Decades after immigrating, Connie Flores has found Where She Belongs

Story by Amanda Nappi

When Connie Flores was a child, she didn’t always feel like she belonged.

Her family moved every few years to find better opportunities, living everywhere from California to Texas to the East Coast. And diversity back then, as she points out, was very different than it is in 2024.

“When you’re that young and you don’t look like the people around you, you feel a lot like an outsider,” says Flores, a Lean sensei.

Flores’ parents fled Vietnam after the war on a refugee boat when she was just two years old. They spoke only Vietnamese at home, in part to maintain a piece of her heritage. She also acted as a translator.

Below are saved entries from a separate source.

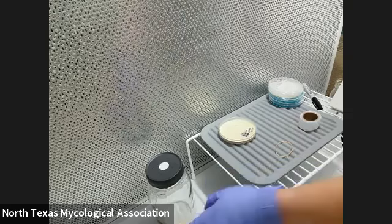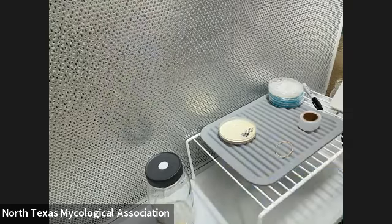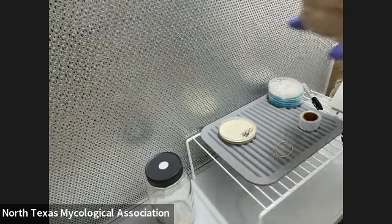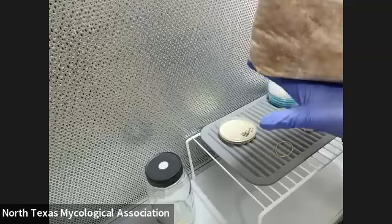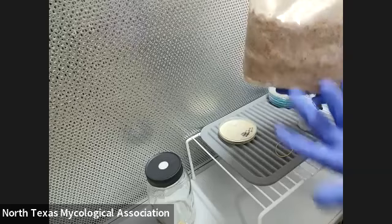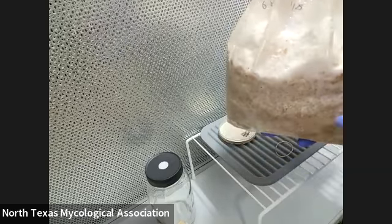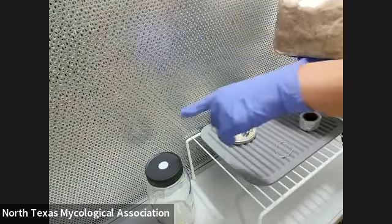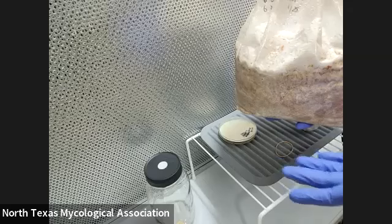I forgot one more thing. After the grain is fully colonized, we're going to add it to a bag. This is called a substrate — it's a mycelium block. This is what they use at farms to grow mushrooms; the inside is sawdust. So we go from agar to grain and then to the sawdust substrate. That's how you get mushrooms.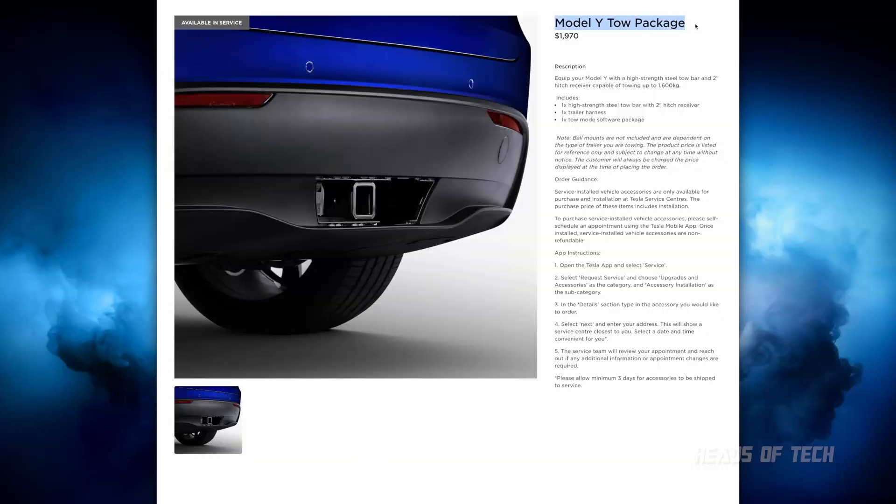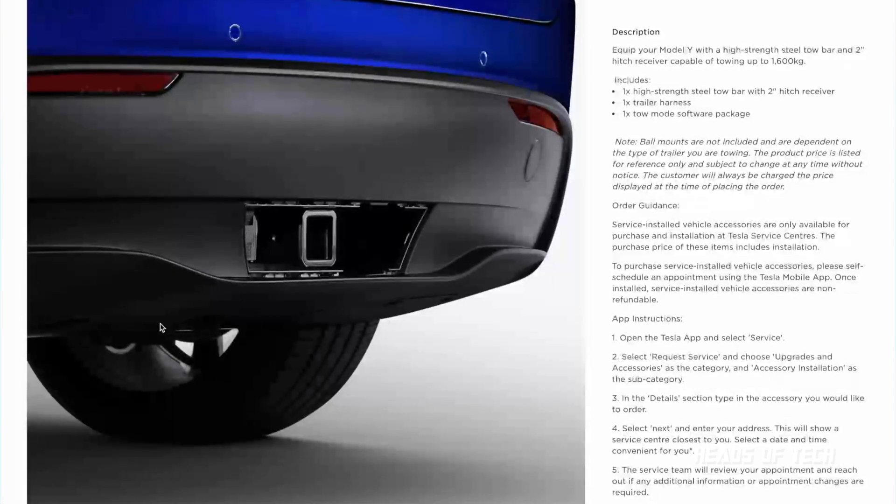The Model Y tow package is officially available in the Tesla shop. It gives you one high-strength steel tow bar with a two-inch hinge receiver, one trailer harness, and one tow mode software package. Note that ball mounts are not included — you need to get a trailer-specific one. To order, go to the app, select Service Request, choose Upgrades and Accessories, select the tow bar package, hit next, enter your address, and the service team will sort you out. It takes about three days.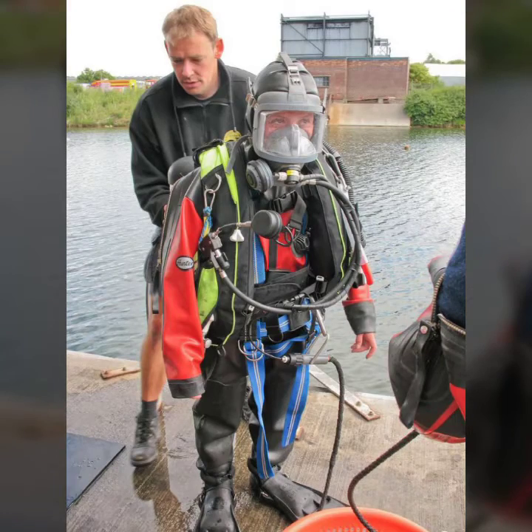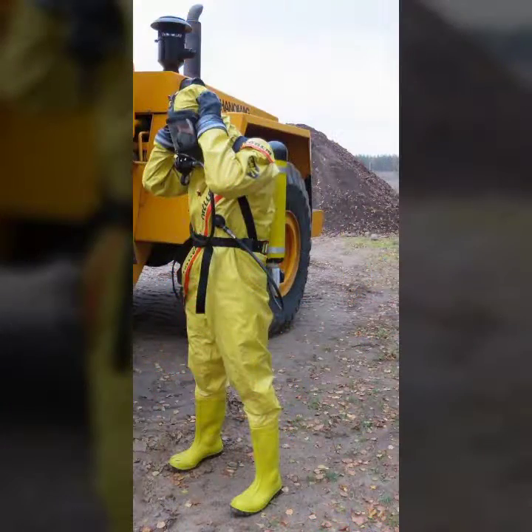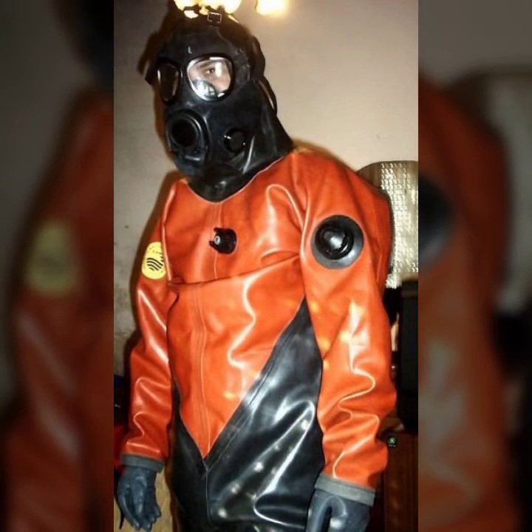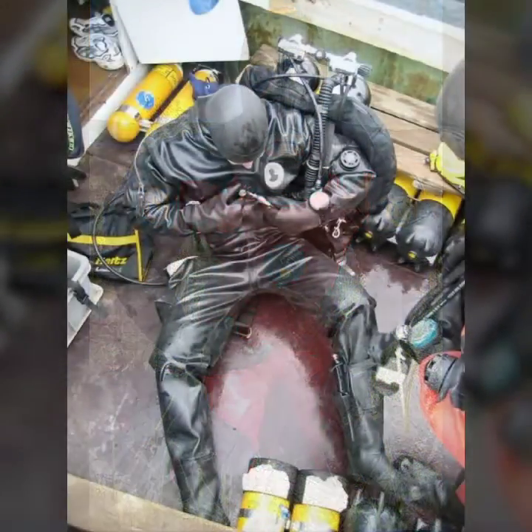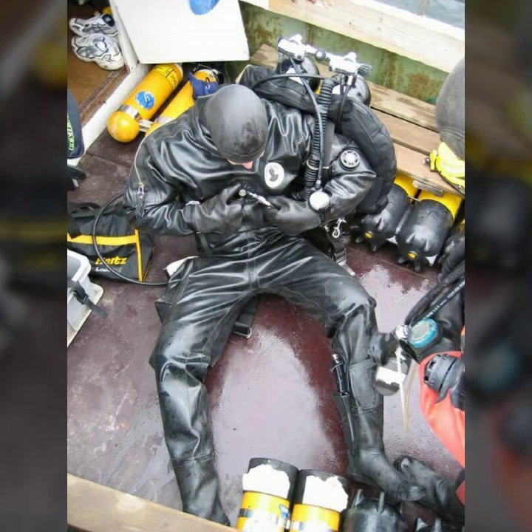Hello friends, welcome to my YouTube channel Fashion Lovers. Today I am going to share with you beautiful and stylish latex full face gas masks and scuba diving air dashes. All designs are so gorgeous, trendy and fabulous.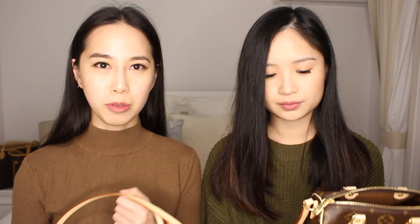The strap was my biggest concern before purchasing the bag because it's not detachable. Length-wise, at 63 centimeters, it actually sits quite well on us — it fits really well cross body and on the shoulder too. If you're a little bit shorter than us it might be a bit long, but for us it sits perfectly.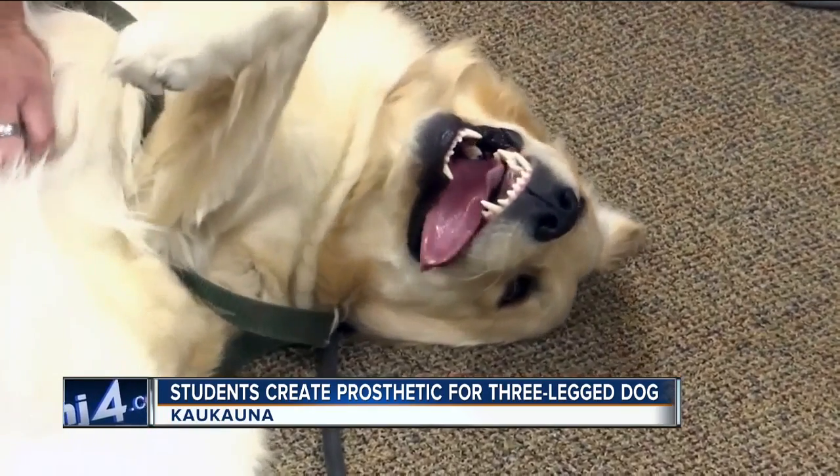We have a new puppy at our house. The trainer was telling us about Gray, and I just kind of casually said, 'Oh, we've got a 3D printer. We can do something with that dog.' And that's how we got going.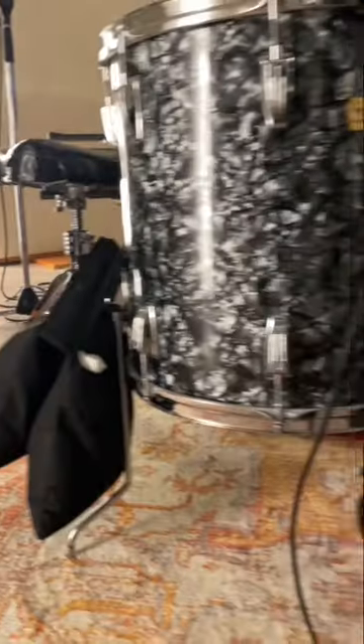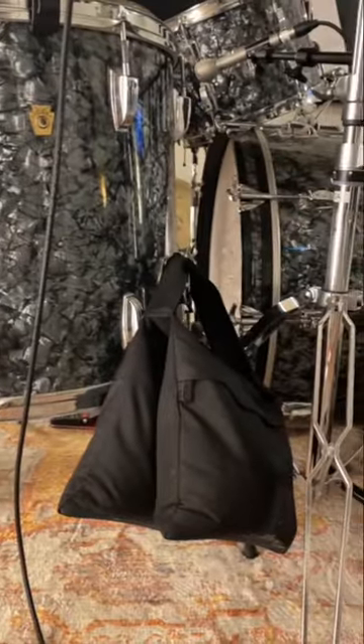Experiment with the sound by putting a second or even third bag on the floor tom, and be sure to follow for more drum recording tips.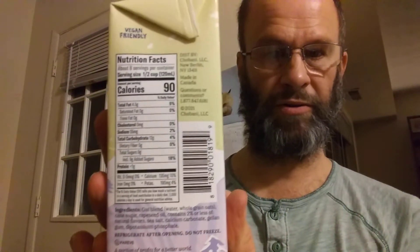Here are the nutrition facts and ingredients — obviously backwards for you guys, so everything's hard to read, but I'm going to show it to you anyways. I already removed the plug from this. It has a nice smell. It's quite thin.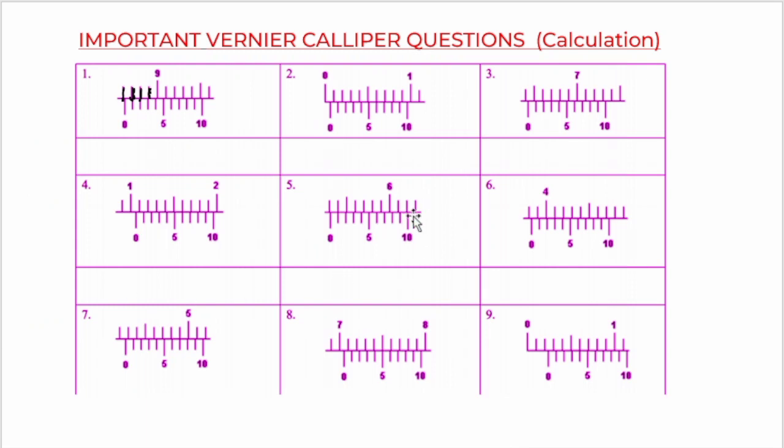This is what we are going to take as an assignment — attempt solving this. Remember there is no error here, so we are taking actual readings. Remember your formula: get your least count, then take your main scale reading first before taking the vernier scale reading. Don't forget that these are cut-out portions of the vernier caliper, meaning the scaling is incomplete — count backwards if you need to, or complete the diagram with a pencil. You can drop your answers in the comment box so I can review them, or send me a WhatsApp message. Thank you guys for watching. If you enjoyed this video, please subscribe to my channel and like this video.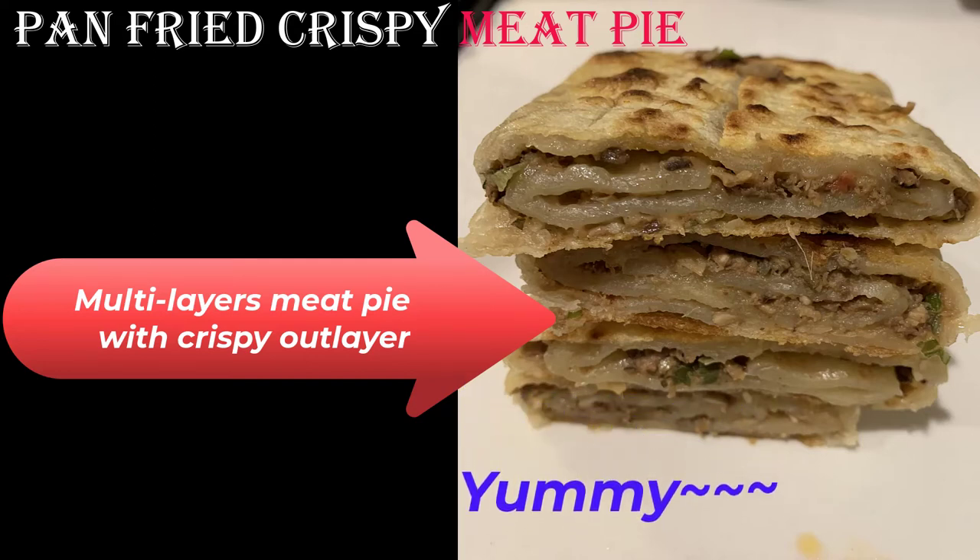Pan-fried crispy meat pie. Multi-layer meat pie with crispy outer layer. Yummy!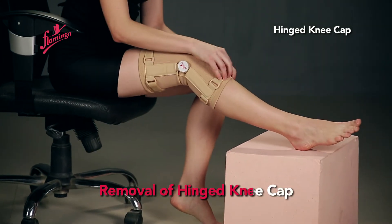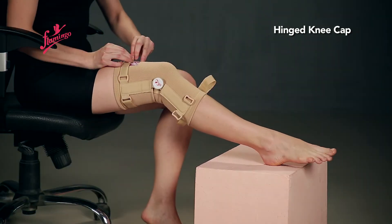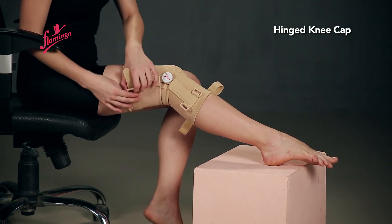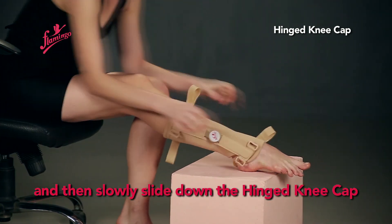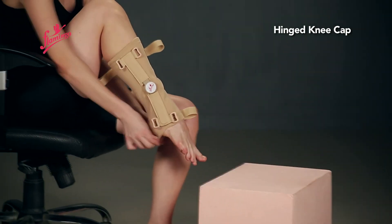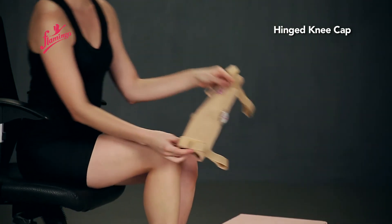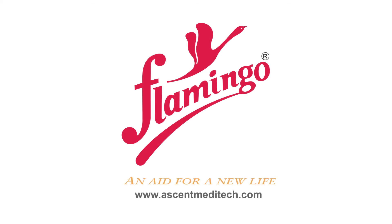To remove the hinged kneecap, begin by releasing the lower straps, followed by the upper straps, and then slowly slide down the hinged kneecap. Thank you.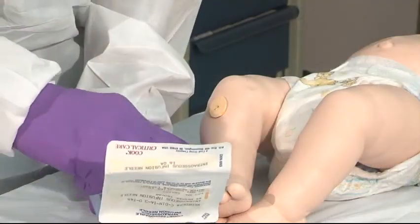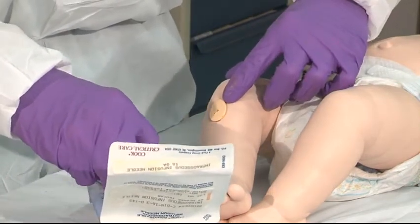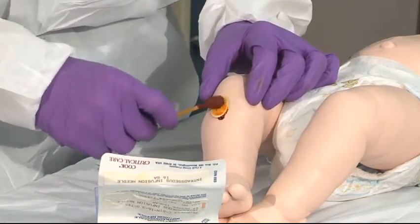The patient area is defined as the anterior plateau, one to two finger breadths below the knee. Use Betadine to cleanse the area.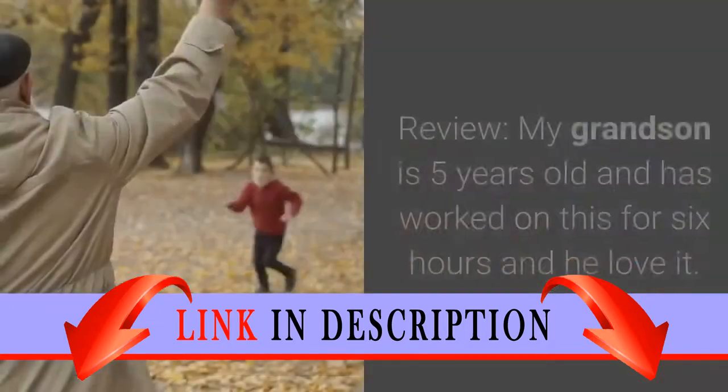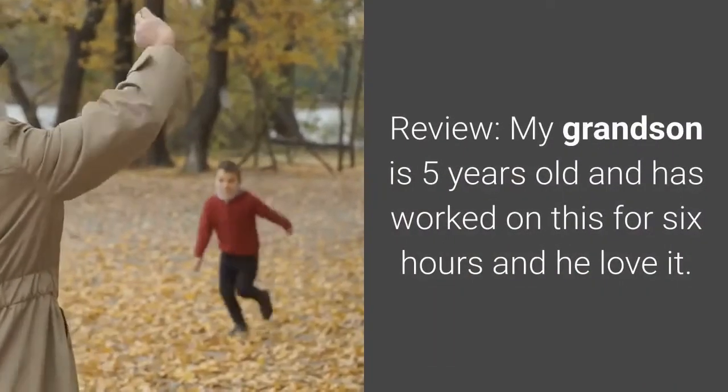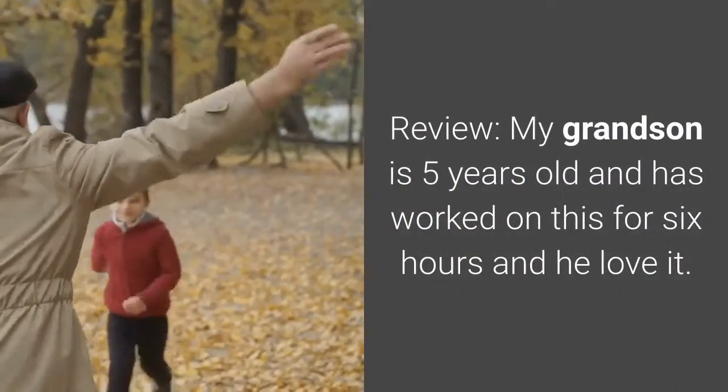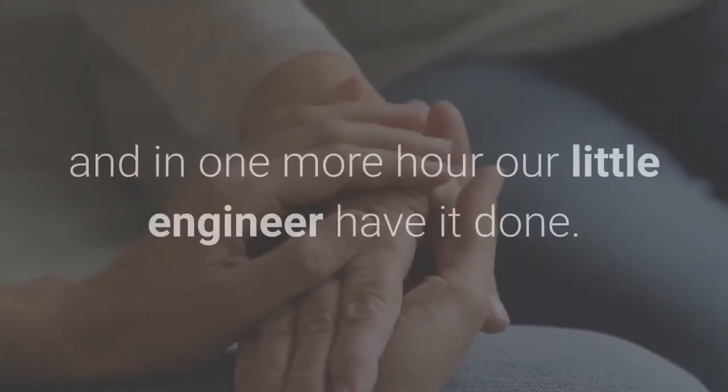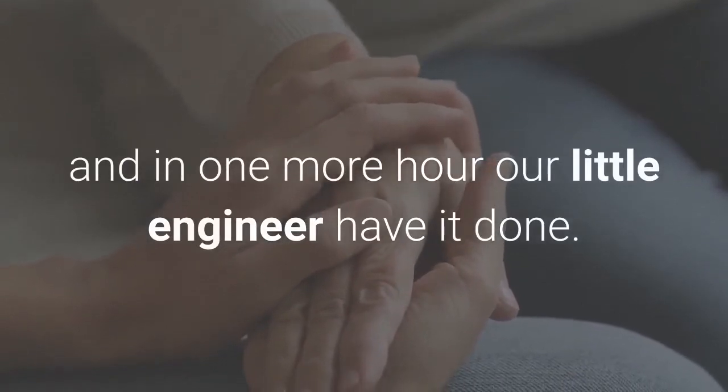Review: My grandson is five years old and has worked on this for six hours and he loves it. The box says that this set is for 8 to 14 year olds, and in one more hour our little engineer will have it done.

“As a child, I didn’t understand why, because it separated me even more from my friends. When we were all together, I would turn around and speak Vietnamese to my parents and get made fun of,” she remembers.

But she quickly laughs because her children have a very different experience.

“We speak English at home, but my two kids have friends from many cultural backgrounds, and now they ask why we don’t speak Vietnamese!” she says.

Finding belonging

Many of these memories surfaced for Flores when Hartford HealthCare introduced Colleague Resource Groups (CRGs) to foster connections among colleagues with similar cultural backgrounds. The application process included a 100-word essay on why you wanted to be part of the group.

“Writing the essay, I actually got emotional. It helped me reflect back on my life,” Flores says. “I remember writing I’d love to be part of a CRG because it would be the first time I could share my voice and not have to put a filter on it. I could be myself, share who I am and be proud.”

A member of the Asian American and Pacific Islander CRG, Flores helps lead initiatives like support of the Riverfront Dragon Boat & Asian Festival and conversation around issues like the Asian hate crimes.

The work culminated for Flores last year at the launch of Hartford HealthCare’s Center for Equity.

“That day, that moment, was the first time I actually felt like I found my place. Listening to everyone’s stories and being in a room with people from different backgrounds and cultures, and having it be celebrated,” she says.

“It all came together for me — I felt like I belong here.”